Data provided: Begin
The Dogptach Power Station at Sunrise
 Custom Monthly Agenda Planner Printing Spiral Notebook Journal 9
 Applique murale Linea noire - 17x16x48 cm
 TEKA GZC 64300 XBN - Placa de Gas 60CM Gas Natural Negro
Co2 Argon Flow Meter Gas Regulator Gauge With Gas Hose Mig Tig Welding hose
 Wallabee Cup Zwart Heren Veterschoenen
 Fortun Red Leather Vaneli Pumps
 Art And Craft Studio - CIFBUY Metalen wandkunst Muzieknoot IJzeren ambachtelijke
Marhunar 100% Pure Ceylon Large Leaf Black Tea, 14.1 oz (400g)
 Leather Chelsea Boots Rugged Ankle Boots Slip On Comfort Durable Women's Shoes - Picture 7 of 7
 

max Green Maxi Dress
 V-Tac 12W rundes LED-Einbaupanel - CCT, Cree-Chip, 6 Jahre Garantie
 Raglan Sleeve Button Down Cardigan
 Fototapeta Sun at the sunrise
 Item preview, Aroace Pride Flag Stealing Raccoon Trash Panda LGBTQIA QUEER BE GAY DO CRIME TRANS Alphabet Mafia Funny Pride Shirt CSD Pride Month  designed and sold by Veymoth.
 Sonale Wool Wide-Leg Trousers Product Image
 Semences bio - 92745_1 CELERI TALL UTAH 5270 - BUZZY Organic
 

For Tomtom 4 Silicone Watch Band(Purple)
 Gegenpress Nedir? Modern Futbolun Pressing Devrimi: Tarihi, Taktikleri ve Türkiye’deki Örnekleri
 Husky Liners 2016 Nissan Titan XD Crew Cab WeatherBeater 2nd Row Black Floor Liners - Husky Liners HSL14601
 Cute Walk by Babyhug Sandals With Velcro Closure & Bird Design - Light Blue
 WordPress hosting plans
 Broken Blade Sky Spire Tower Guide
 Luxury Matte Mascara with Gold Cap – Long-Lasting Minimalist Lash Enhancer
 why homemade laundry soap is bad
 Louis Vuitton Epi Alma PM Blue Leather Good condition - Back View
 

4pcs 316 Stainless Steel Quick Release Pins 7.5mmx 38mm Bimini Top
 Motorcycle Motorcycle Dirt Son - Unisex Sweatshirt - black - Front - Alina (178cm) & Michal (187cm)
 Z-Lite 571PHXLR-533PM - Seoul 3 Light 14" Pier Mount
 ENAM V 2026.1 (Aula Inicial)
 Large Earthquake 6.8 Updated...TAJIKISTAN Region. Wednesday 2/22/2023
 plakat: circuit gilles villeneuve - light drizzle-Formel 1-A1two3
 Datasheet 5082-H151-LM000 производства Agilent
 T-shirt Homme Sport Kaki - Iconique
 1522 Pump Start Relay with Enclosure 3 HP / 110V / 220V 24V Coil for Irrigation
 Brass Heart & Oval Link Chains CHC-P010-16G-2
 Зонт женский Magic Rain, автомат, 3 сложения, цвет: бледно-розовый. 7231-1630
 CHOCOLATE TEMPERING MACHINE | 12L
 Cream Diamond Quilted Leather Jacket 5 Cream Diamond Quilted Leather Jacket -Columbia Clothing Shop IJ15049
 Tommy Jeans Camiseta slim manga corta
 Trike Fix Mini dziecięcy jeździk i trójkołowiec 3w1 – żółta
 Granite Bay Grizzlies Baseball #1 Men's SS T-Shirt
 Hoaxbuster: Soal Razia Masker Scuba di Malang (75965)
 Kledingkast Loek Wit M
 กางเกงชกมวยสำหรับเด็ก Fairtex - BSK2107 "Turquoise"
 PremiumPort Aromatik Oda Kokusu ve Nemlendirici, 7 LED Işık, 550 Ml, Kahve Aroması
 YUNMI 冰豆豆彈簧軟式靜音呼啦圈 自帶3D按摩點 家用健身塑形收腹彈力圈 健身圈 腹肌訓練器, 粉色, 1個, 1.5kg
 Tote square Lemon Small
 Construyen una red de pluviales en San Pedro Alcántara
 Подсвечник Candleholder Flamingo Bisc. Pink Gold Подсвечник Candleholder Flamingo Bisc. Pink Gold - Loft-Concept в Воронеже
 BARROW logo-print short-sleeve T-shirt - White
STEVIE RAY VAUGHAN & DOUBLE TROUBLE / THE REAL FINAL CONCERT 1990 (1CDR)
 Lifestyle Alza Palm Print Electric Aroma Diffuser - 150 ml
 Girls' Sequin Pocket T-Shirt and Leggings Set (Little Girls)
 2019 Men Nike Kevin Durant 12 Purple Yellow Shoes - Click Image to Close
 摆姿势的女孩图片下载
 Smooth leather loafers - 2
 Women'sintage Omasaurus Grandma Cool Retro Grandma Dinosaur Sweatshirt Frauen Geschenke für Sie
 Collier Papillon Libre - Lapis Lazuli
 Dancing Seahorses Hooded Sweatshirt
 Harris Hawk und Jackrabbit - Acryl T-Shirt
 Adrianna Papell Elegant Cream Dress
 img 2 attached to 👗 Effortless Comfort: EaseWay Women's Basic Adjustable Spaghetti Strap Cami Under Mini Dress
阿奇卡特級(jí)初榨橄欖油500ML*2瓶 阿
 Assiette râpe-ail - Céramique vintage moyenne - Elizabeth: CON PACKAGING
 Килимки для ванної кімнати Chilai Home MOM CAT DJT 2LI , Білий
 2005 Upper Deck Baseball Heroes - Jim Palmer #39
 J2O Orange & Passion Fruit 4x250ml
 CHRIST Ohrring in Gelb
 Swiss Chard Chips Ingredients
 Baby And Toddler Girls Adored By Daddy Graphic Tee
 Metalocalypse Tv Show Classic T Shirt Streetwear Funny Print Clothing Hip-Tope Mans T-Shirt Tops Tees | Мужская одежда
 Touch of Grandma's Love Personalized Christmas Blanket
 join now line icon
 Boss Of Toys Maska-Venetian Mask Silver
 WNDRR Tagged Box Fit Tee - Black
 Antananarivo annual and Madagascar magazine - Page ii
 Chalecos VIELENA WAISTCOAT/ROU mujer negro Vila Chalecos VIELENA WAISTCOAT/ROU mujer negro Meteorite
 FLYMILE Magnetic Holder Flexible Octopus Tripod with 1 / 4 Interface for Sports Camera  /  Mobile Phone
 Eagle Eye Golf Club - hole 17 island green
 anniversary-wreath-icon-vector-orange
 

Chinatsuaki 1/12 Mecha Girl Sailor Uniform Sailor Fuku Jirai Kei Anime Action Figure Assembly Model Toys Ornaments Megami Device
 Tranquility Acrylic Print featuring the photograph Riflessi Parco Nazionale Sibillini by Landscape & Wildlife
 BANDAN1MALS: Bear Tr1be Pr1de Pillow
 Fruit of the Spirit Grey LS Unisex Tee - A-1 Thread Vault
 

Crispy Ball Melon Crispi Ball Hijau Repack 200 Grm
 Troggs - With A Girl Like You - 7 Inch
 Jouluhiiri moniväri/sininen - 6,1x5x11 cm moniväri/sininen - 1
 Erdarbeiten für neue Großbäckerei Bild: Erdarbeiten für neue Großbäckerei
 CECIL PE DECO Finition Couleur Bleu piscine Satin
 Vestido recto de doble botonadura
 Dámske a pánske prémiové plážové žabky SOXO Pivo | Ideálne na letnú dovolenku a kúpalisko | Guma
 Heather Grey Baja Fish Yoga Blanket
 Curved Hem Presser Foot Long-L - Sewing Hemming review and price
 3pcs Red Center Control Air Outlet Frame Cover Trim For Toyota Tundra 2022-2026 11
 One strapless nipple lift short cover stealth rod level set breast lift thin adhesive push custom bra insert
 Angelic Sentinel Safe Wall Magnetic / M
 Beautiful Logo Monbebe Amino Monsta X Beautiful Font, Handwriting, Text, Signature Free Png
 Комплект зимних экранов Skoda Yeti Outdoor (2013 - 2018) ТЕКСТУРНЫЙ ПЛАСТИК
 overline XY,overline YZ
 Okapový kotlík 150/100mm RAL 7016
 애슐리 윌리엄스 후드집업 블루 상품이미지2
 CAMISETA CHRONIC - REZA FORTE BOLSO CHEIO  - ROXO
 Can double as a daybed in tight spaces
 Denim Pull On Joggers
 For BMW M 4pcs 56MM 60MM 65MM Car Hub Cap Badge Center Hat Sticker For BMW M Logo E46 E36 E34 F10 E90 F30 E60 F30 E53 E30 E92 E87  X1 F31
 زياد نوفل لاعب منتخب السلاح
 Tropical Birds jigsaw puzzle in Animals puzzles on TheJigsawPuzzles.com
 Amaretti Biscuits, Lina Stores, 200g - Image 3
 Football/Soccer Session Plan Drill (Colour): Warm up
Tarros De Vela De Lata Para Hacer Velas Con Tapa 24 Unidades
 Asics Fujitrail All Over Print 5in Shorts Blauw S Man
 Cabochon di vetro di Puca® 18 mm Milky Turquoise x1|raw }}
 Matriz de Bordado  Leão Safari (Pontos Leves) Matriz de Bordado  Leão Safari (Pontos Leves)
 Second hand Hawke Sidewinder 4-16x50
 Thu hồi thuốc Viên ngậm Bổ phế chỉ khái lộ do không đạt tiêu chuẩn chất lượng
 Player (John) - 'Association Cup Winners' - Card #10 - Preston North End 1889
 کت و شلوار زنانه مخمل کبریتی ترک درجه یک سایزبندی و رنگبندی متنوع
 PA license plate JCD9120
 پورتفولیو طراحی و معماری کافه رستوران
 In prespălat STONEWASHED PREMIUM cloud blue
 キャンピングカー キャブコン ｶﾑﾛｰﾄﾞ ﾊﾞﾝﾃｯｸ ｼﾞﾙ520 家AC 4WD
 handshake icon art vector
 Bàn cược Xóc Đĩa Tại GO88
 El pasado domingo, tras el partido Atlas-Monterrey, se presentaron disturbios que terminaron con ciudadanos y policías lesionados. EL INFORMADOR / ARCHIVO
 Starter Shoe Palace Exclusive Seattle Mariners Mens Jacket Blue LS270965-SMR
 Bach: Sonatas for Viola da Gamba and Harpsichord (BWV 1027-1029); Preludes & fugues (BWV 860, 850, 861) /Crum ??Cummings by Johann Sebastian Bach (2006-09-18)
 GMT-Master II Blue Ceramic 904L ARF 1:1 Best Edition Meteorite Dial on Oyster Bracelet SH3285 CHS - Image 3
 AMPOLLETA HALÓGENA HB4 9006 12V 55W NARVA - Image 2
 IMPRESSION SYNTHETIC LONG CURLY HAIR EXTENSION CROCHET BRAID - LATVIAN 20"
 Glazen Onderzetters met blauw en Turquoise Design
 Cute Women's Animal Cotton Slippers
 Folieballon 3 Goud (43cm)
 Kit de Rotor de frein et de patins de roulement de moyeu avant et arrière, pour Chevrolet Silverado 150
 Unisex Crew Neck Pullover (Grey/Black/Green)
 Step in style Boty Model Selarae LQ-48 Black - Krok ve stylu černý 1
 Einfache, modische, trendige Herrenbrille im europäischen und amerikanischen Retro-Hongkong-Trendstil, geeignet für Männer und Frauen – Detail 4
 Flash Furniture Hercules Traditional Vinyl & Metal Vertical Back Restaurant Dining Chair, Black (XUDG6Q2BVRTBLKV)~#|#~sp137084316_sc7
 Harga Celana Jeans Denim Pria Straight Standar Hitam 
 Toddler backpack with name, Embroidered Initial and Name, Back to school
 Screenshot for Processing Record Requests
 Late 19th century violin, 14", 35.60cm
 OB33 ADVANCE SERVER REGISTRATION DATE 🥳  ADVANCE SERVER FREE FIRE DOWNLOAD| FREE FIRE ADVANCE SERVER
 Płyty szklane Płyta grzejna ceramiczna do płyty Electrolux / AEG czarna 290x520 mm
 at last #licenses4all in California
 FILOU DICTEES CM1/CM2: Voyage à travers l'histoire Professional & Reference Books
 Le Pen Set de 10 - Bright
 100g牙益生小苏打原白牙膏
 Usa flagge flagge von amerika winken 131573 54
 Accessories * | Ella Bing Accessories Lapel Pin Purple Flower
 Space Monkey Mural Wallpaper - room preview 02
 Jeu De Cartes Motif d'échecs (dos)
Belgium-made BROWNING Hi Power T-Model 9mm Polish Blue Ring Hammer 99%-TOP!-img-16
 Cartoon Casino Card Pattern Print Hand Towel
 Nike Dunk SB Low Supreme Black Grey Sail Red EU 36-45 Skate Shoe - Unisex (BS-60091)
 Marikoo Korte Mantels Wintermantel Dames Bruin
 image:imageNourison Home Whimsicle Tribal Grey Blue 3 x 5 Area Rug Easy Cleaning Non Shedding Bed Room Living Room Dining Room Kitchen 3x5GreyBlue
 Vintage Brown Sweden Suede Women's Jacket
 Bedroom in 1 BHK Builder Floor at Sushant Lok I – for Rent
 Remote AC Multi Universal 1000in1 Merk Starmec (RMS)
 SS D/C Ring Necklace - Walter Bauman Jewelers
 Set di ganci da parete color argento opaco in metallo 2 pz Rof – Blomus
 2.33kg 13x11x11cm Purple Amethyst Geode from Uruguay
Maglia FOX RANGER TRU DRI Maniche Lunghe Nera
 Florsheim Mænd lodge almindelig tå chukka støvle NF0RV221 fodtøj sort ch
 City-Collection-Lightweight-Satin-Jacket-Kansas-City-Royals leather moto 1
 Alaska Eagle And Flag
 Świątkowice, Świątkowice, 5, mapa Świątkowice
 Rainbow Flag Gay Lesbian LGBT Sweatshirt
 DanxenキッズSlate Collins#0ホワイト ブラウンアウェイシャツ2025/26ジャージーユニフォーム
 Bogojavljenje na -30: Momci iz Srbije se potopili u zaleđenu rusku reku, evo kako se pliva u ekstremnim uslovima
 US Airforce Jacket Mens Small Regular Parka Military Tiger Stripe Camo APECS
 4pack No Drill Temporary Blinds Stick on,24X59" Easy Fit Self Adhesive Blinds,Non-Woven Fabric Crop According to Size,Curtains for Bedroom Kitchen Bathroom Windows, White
Data provided: End
What is being asked: From the records above, print only the lines between the one holding "Vestido recto de doble botonadura" and the one holding "Curved Hem Presser", inclusive, exactly as they stand.

Written response:
 Vestido recto de doble botonadura
 Dámske a pánske prémiové plážové žabky SOXO Pivo | Ideálne na letnú dovolenku a kúpalisko | Guma
 Heather Grey Baja Fish Yoga Blanket
 Curved Hem Presser Foot Long-L - Sewing Hemming review and price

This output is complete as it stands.